» **MATERIAL PROVIDED**:
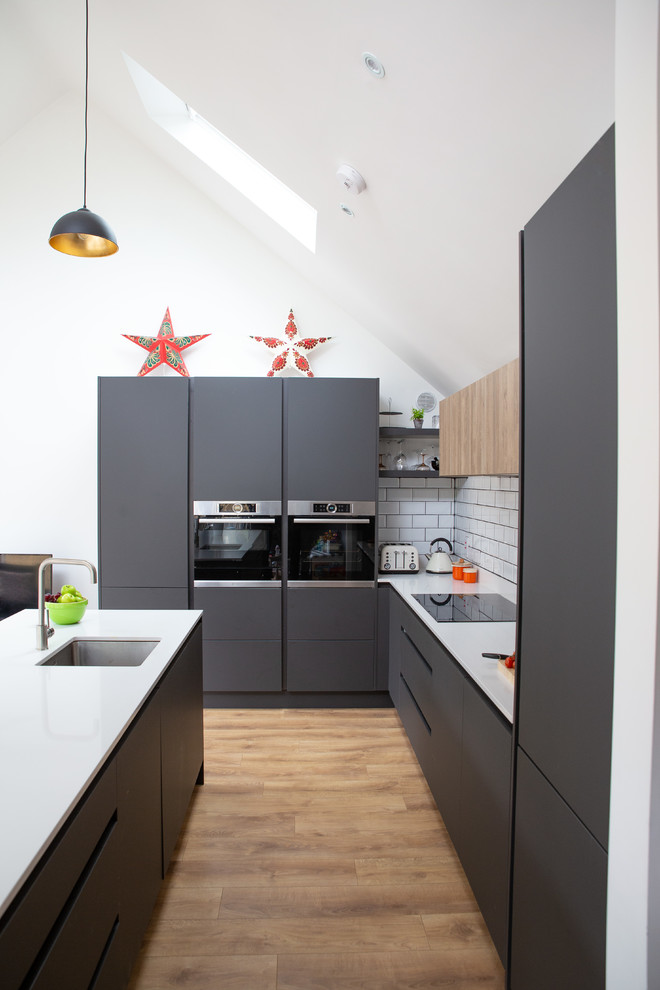 Photo of a mid-sized modern l-shaped open plan kitchen in Other with a single-bowl sink, flat-panel cabinets, grey cabinets, quartzite benchtops, white splashback, ceramic splashback, panelled appliances, laminate floors, with island, brown floor and white benchtop.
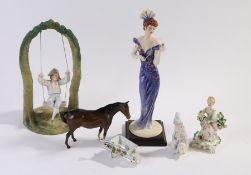 Porcelain figures to include Beswick horse, bisque figure of a young boy on a later swing, figure of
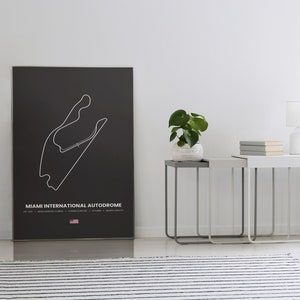 Puede incluir: Un p&oacute;ster negro con un contorno blanco del circuito del Aut&oacute;dromo Internacional de Miami. El p&oacute;ster incluye el nombre de la pista, detalles y una peque&ntilde;a bandera estadounidense. El p&oacute;ster se exhibe en una habitaci&oacute;n con mesas auxiliares, una l&aacute;mpara y una planta.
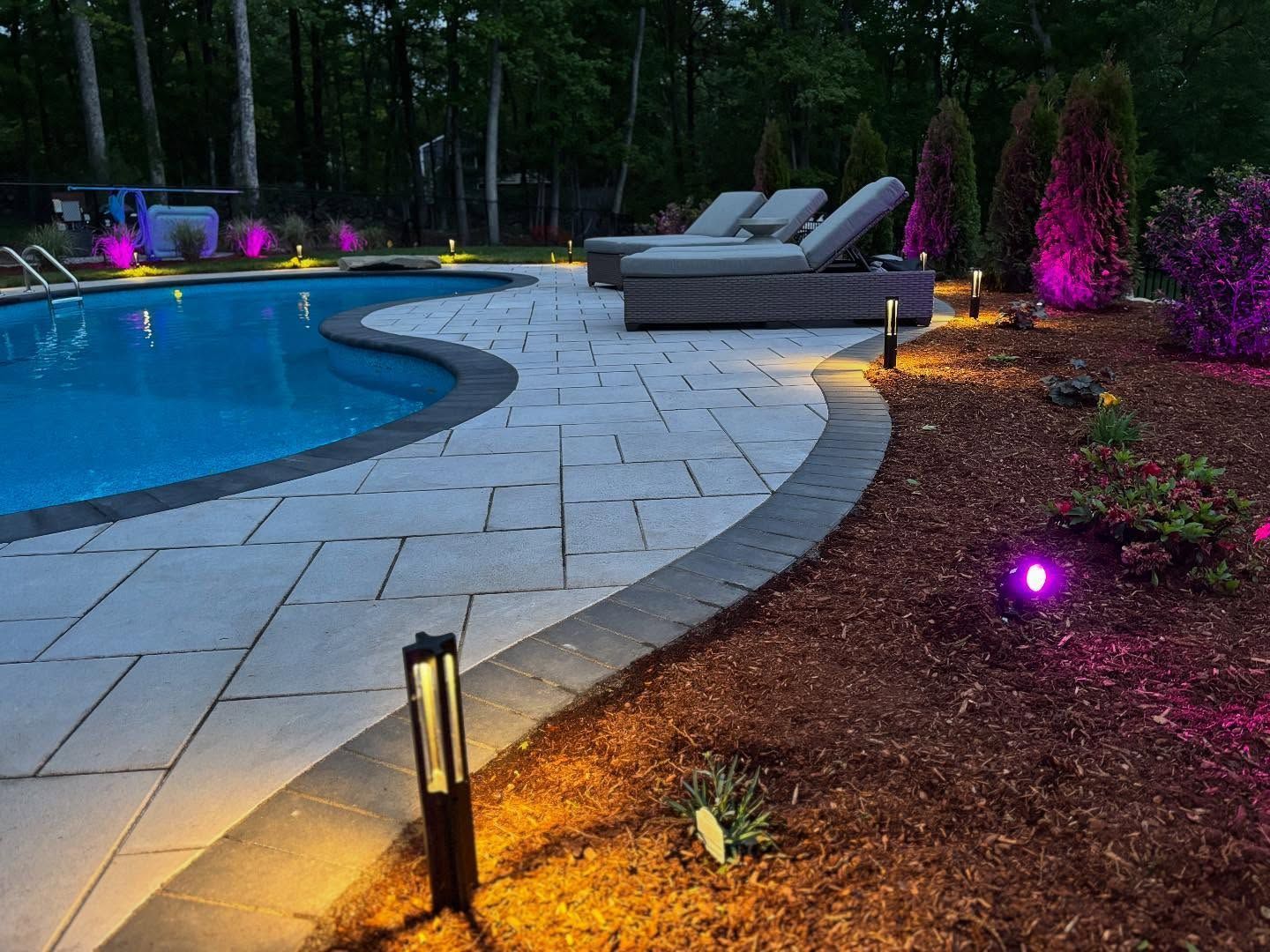 A swimming pool is lit up at night with purple lights.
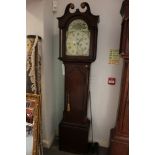 A late Georgian provincial oak long case clock with painted arch top dial and eight-day striking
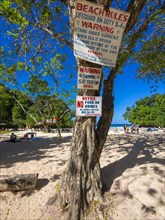 Sign with beach rules on the beach of Frenchmans Cove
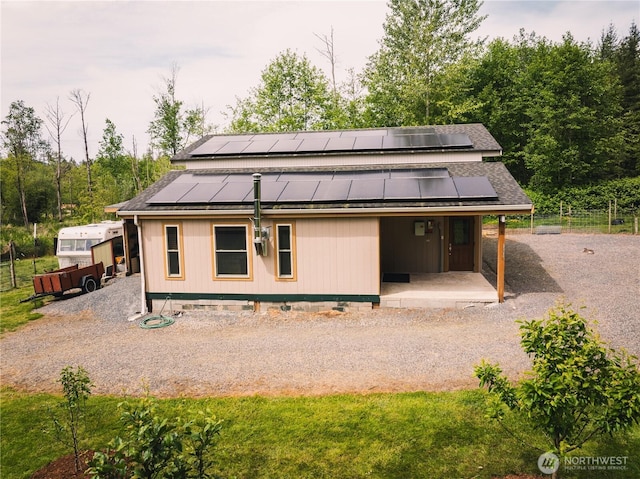 5363 Reese Hill Rd, Sumas, WA 98295 - rear view of property with solar panels, a porch, and gravel driveway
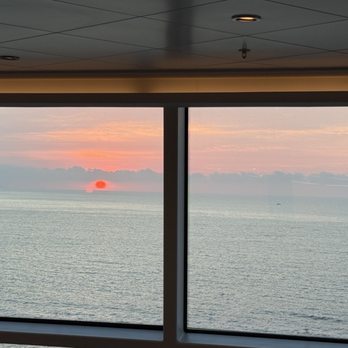 Norwegian Cruise Line - Sunset from buffet on Norwegian Bliss - Travel Services Near Me - San Pedro, California Norwegian Cruise Line - Sunset from buffet on Norwegian Bliss - Travel Services Near Me - San Pedro, California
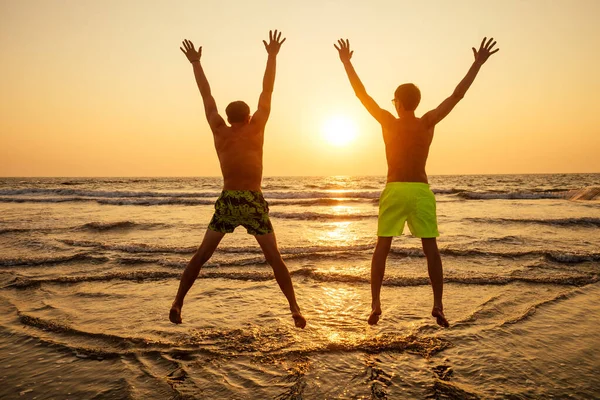 Urlauberpaar spaziert verliebt am Strand bei Sonnenuntergang goa — Stockfoto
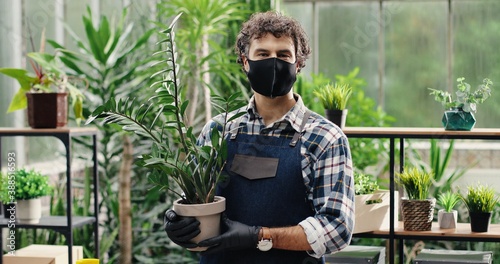 Close up portrait of happy handsome Caucasian man employee in apron and mask holding pot with herb and smiling to camera. Joyful young male flower shop worker with plants in good mood Business concept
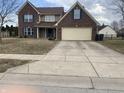 Charming two-story brick home with attached two car garage and a well manicured lawn at 457 Prince Dr, Greenwood, IN 46142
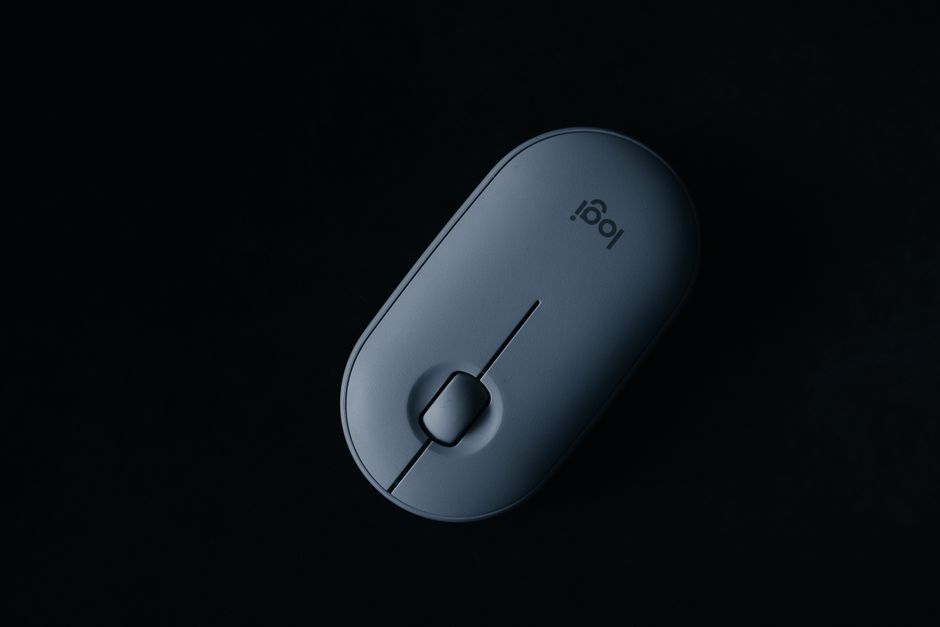 Sleek, modern wireless mouse displayed on a black background in an artistic flat lay.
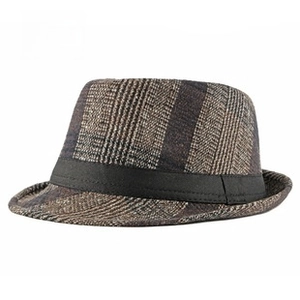 Detailed view of autumn winter houndstooth fedora hat with black grosgrain ribbon band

» **TASK STATEMENT**: I would like the exact lines from the data above, starting with the one that holds "Sign with beach" and going on through the one that holds "Urlauberpaar spaziert verliebt", without the pictures.

» **WRITTEN RESPONSE**:
 Sign with beach rules on the beach of Frenchmans Cove
 5363 Reese Hill Rd, Sumas, WA 98295 - rear view of property with solar panels, a porch, and gravel driveway
 Norwegian Cruise Line - Sunset from buffet on Norwegian Bliss - Travel Services Near Me - San Pedro, California Norwegian Cruise Line - Sunset from buffet on Norwegian Bliss - Travel Services Near Me - San Pedro, California
 Urlauberpaar spaziert verliebt am Strand bei Sonnenuntergang goa — Stockfoto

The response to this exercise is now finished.